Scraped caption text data
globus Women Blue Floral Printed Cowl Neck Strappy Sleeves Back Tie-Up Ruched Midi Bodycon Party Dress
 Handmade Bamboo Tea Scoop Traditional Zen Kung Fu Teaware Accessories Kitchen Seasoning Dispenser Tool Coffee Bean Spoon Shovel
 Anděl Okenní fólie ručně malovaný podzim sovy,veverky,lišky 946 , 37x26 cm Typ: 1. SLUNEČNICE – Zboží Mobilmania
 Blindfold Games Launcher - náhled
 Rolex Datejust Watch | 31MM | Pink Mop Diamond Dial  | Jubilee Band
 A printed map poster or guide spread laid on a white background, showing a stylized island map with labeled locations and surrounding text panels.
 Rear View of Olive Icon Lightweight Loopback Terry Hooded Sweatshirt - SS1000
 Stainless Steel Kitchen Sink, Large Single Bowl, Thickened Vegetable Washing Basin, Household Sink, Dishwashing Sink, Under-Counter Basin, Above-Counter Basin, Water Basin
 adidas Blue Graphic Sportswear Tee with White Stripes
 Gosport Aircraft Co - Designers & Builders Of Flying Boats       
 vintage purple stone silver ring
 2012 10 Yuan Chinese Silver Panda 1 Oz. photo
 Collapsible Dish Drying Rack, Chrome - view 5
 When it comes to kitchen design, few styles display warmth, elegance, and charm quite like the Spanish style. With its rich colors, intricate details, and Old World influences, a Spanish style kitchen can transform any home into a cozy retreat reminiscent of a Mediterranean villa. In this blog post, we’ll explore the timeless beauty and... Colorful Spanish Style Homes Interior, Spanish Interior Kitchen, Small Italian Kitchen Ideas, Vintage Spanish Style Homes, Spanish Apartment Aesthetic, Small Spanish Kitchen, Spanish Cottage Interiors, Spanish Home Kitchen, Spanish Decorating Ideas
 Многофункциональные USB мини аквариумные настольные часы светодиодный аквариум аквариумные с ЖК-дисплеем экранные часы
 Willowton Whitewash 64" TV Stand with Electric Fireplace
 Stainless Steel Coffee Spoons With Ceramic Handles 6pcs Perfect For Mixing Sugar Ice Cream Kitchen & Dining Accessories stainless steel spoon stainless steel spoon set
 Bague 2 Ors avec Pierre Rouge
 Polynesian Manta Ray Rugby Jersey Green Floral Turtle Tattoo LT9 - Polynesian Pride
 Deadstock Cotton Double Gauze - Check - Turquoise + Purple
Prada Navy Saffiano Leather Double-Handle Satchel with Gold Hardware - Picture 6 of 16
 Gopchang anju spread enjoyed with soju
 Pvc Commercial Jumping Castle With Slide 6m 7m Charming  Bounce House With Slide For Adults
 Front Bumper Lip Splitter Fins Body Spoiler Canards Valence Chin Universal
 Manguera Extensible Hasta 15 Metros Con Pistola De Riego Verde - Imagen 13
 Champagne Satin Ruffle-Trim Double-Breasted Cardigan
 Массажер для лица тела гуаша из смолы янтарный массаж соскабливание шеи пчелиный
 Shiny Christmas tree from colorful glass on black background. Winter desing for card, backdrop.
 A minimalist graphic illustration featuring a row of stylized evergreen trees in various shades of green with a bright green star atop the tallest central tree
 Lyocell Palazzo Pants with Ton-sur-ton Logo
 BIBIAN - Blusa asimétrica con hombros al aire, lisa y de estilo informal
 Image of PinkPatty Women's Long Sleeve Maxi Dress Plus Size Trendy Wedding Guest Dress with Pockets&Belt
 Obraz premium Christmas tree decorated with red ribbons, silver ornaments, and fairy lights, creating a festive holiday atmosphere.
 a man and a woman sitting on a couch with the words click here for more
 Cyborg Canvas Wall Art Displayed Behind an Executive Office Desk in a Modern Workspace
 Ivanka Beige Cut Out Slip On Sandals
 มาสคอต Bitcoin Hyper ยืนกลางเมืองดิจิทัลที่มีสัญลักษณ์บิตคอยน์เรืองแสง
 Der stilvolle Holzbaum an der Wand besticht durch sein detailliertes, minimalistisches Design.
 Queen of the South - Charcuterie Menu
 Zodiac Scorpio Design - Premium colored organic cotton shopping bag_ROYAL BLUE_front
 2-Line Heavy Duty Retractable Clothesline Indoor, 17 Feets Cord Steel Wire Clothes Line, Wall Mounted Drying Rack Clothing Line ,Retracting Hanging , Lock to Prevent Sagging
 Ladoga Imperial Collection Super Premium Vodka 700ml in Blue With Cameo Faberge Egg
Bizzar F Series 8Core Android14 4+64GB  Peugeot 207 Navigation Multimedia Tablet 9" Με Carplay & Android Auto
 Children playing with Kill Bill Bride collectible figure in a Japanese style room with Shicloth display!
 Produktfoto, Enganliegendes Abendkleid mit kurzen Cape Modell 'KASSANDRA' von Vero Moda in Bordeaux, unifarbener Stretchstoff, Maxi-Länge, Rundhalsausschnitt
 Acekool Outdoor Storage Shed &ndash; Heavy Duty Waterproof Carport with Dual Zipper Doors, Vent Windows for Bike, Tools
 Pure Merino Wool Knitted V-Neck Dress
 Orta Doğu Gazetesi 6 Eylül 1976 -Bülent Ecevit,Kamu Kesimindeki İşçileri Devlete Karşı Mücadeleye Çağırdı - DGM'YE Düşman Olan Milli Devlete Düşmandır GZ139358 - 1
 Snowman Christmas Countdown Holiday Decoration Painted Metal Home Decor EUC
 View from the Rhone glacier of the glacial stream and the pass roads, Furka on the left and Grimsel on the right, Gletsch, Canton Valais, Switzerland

*Requirement*. Out of the entries, report each line that contains the word "Neck".

*Output of the task*.
globus Women Blue Floral Printed Cowl Neck Strappy Sleeves Back Tie-Up Ruched Midi Bodycon Party Dress
 Pure Merino Wool Knitted V-Neck Dress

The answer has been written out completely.